I'm studying Fourier analysis, and measure theory is too advanced a topic for me, so please give me a rather intuitive explanation.
I cannot understand how this idea applies to a subset of rational numbers.
I was given this description of that fact: 
As I understand it, for compact sets we can find N open covers that will cover all the elements of the set, and shrinking them as we want, but keeping the number of covers, we will still cover all the elements, is this implied here?
If it so, how can we shrink open covers and keeping the number of them to cover the set $\{0\} \cup \left\{2^{-n} :n\in ℕ\right\}$
Measure is in some ways a generalization of the natural and intuitive mathematical notions of "length", "volume" et cetera. Thankfully, we don't actually require that robust of a theory of measure to reap the benefits of what it is to be "measure zero".
To start, it may to be useful to glean some intuition as to what we are representing here. Take for instance the set $\mathbb{Q} \cap [0,1]$. Though it is dense on this interval, there is an intuition that this set is in some ways "small", i.e. it is a countable subset of an uncountable interval. To match this intuition, we seek to develop some theory. This theory starts with some naive notions of volume that are easily computable, e.g. the length of an interval, or in general the volume of a $n$-dimensional rectangle. The idea here is that if we can cover some set with such closed rectangles, and make their volume arbitrarily small, it demonstrates that the covered set is in some way small.
In particular, keeping with the prior example, if we regard $\mathbb{Q} \cap [0,1]$ as the countable union of its composite rational points, say $\bigcup_{i = 1}^{\infty} q_i$, we can for each rational point and arbitrary positive $\epsilon$ consider the enveloping interval $[q_i - \frac{\epsilon}{2^{i+2}}, q_i + \frac{\epsilon}{2^{i+2}}]$ with length $\frac{\epsilon}{2^{i+1}}$ (we can do this as the set is countable). It follows that we have:
$$\mathbb{Q} \cap [0,1] = \bigcup_{i = 1}^{\infty} q_i \subset \bigcup_{i = 1}^{\infty} [q_i - \frac{\epsilon}{2^{i+2}}, q_i + \frac{\epsilon}{2^{i+2}}]$$ Where we additionally have the sum of lengths: $$ \sum_{i =1}^{\infty} \frac{\epsilon}{2^{i+1}} = \frac{\epsilon}{2} < \epsilon $$ And thus $\mathbb{Q} \cap [0,1]$ is suitably small, and we regard this with the title "measure zero".
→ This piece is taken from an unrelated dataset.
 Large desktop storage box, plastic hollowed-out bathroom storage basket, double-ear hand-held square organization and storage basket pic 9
With regard to how compactness comes into play here (in general, as of course the provided example is not compact), it is relatively straightforward. If a set is already measure zero, we know that we have some cover of intervals/retangles with total length less than say $\frac{\epsilon}{2}$. We can then cover those rectangles with open rectangles of arbitrarily little additional volume (say that the total $< \epsilon$), which of course still cover the original set. As the set is compact (and the covering by these new rectangles is an open cover) then, we are guaranteed a finite subcover of open rectangles that is still subject to this total volume constraint. Inclusion of the boundaries of each of these rectangles then yields a finite covering by closed rectangles of the same total volume. This criteria is referred to in literature some times as "Jordan content zero".
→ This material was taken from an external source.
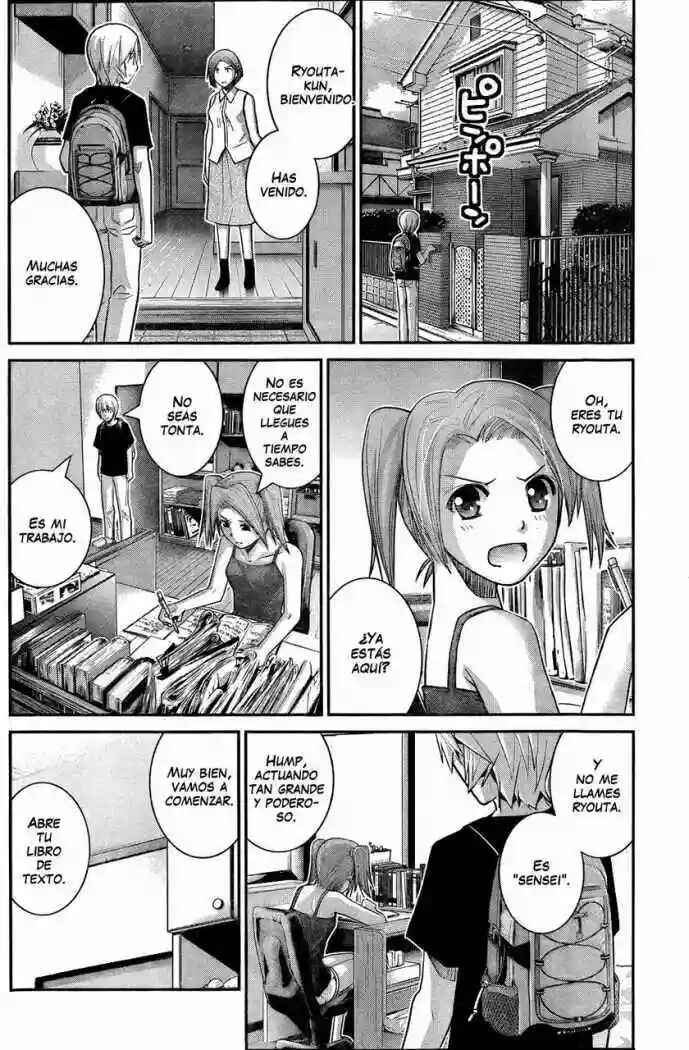 Gokukoku no Brynhildr Chapter 20 - Page 8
This, in totality, gives you a nonconstructive way to answer your question (that is, it just implies such a finite cover exists fulfilling arbitrarily small total length, as it is quite simple to show your provided set is at least measure zero with a nearly identical argument to the provided one). However, you now have the tools to address to your final question in a more satisfying way. In particular, I may note as a hint of sorts that $2^{-n}$ goes to zero rather quickly. Could you perhaps find a system to cover the points very close to $0$ and then constrain the outliers in suitably small intervals? In particular, you may note that even an arbitrarily small interval about $0$ only fails to cover a finite amount of points in this set.